Sarebbe un errore, comunque, sottovalutare l'incidenza della disciplina europea in materia di spettacoli sugli ordinamenti nazionali. Se si considera il modo complessivo di attuazione di tale disciplina, si nota come l'azione diretta attraverso programmi comunitari e l'azione indiretta attraverso il controllo sugli aiuti nazionali, cui si aggiunge il controllo operato dal giudice europeo sulle deroghe alle libertà di circolazione, tendano a "fare sistema" tra loro, condizionando ed orientando l'intervento nazionale. Pur non procedendo ad un "livellamento del campo di gioco" dal punto di vista delle fonti, dunque, l'attuale disciplina europea in materia di spettacoli determina un "inquadramento" dell'intervento nazionale, il quale, per un verso, può esplicarsi entro i limiti definiti dal diritto europeo, per altro verso, viene orientato alle superiori esigenze dell'ordinamento europeo.

L'emergente disciplina europea in materia di spettacoli, poi, produce alcune conseguenze sull'assetto organizzativo nazionale. Le principali sono due. Da un lato, i poteri pubblici nazionali vengono assoggettati ad obblighi di collaborazione con i propri omologhi degli altri Stati membri e con le autorità europee, principalmente la commissione. Tali obblighi risultano non solo da specifiche disposizioni settoriali, ma anche dalle disposizioni del trattato comunitario, che impone un obbligo generale di leale cooperazione nei rapporti tra autorità nazionali ed autorità europee. Dall'altro lato, il diritto comunitario determina l'articolazione organizzativa dell'amministrazione nazionale, obbligando lo Stato ad istituire un ufficio, oppure ad individuare un ufficio esistente e ad assegnare ad esso determinate attribuzioni. Ad esempio, la decisione che regola il programma Cultura 2007 prevede l'istituzione dei già ricordati Punti di contatto cultura, mentre l'attuazione del programma Media 2007 prevede l'istituzione delle cosiddette Media desk e antenne Media. Il diritto comunitario, peraltro, può anche spingersi sino a definire i requisiti organizzativi e le regole dell'azione dell'ufficio nazionale, ad esempio prevedendo che le Media desk abbiano personale "in possesso delle qualifiche professionali e delle competenze linguistiche adeguate per lavorare in un ambiente di cooperazione internazionale" ed operino "in un contesto amministrativo che consenta loro di svolgere opportunamente i propri compiti e di evitare ogni conflitto d'interessi". In tal modo, le autorità nazionali acquistano un duplice fondamento: da un lato, quello nazionale; dall'altro, quello comunitario.

5. Conclusioni

In questa relazione si è tentato di raccogliere alcuni elementi utili ad una prima ricostruzione dei caratteri dell'intervento dell'Unione europea in materia di spettacolo e della sua incidenza sull'intervento nazionale.

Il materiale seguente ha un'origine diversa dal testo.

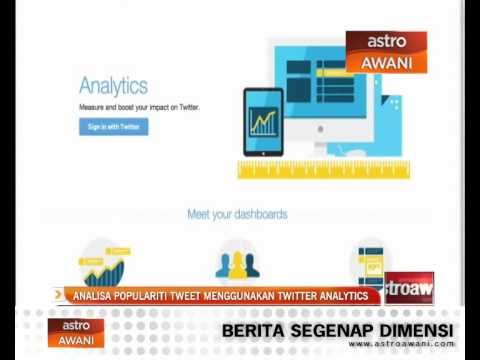 Analisa populariti Tweet menggunakan Twitter Analytics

Il limitato grado di consolidamento della materia e la frammentarietà della disciplina non consentono di ricondurre l'intervento europeo in questo settore a formule nette ed unitarie.

Le osservazioni svolte, peraltro, consentono tre conclusioni principali, che possono essere esposte, con evidente ma forse inevitabile forzatura, come segue.

In primo luogo, pur essendo composta da complessi eterogenei, la disciplina europea in materia di spettacoli tende a convergere intorno a due obiettivi principali, la promozione della cultura europea e la realizzazione di un mercato europeo aperto e concorrenziale, costruiti come due finalità tra loro inscindibilmente connesse, nella maniera indicata in precedenza.

In secondo luogo, tali finalità vengono perseguite attraverso una varietà di meccanismi diversi, i quali, però, tendono ad operare in maniera funzionalmente complementare ed a configurarsi quali strumenti di una ancora incompiuta ma emergente "politica" dell'Unione in materia di spettacolo. Questi strumenti presentano alcuni punti di forza ed alcuni inconvenienti: luci ed ombre, dunque, che condizionano l'efficace svolgimento e l'ulteriore sviluppo della politica europea in materia di spettacoli.

In terzo luogo, per quanto incida poco sulla regolazione formale degli Stati membri, l'emergente disciplina in materia di spettacoli produce varie conseguenze sugli ordinamenti nazionali, là dove determina un inquadramento della funzione nazionale e impone vari aggiustamenti organizzativi.

Queste osservazioni, d'altra parte, non hanno l'ambizione di rappresentare il punto di arrivo della discussione giuridica e politica sull'intervento europeo in materia di spettacolo. Più modestamente, esse ne costituiscono il punto di avvio, là dove indicano i percorsi di formazione di una disciplina europea e segnalano l'opportunità di un'indagine con strumenti meno rudimentali di quelli qui utilizzati.

Nota bibliografica

La disciplina europea dello spettacolo non è oggetto di trattazioni complessive. Possono aiutare ad inquadrare la materia, comunque, i contributi raccolti nel volume R. Craufurd Smith, Culture and European Union Law, Oxford, Oxford University Press, 2004, e F. Lafarge, Cultura, in Trattato di diritto amministrativo europeo, diretto da M.P. Chiti e G. Greco, II ed., Milano, 2007, parte speciale, vol. II, p. 971 ss. Sulle applicazioni recenti dei poteri della commissione in materia di aiuti di Stato destinati alle attività cinematografiche, si veda J. Broche, O. Chatterjee, I. Orssich e N. Tosics, State aid for films - a policy in motion?, in Competition Policy Newsletter, 1/2007. Sull'autonomia regolatoria degli Stati membri, in una prospettiva comunque diversa da quella assunta in questo scritto, S. Foà e W. Santagata, Eccezione culturale e diversità culturale. Il potere culturale delle organizzazioni centralizzate e decentralizzate, in Aedon 2/2004. I caratteri dell'intervento pubblico nazionale in materia di spettacolo sono tratteggiati da C. Barbati, Spettacolo, in Dizionario di diritto pubblico, diretto da S. Cassese, Milano, 2006, ad vocem; alla stessa autrice si deve la più recente monografia in materia, Istituzioni e spettacolo. Pubblico e privato nelle prospettive di riforma, Padova, 1996; tra i principali scritti precedenti, F. Merusi, Significato e portata dell'art. 9 della Costituzione, in Aspetti e tendenze del diritto costituzionale, in Scritti in onore di Costantino Mortati, Milano, 1977, vol. III, p. 797 ss. Per una discussione complessiva sulla diversità culturale nell'ordinamento europeo, B. de Witte, The Value of Cultural Diversity, in Values in the Constitution of Europe, a cura di S. Millns e M. Aziz, Dartmouth, Ashgate, 2007.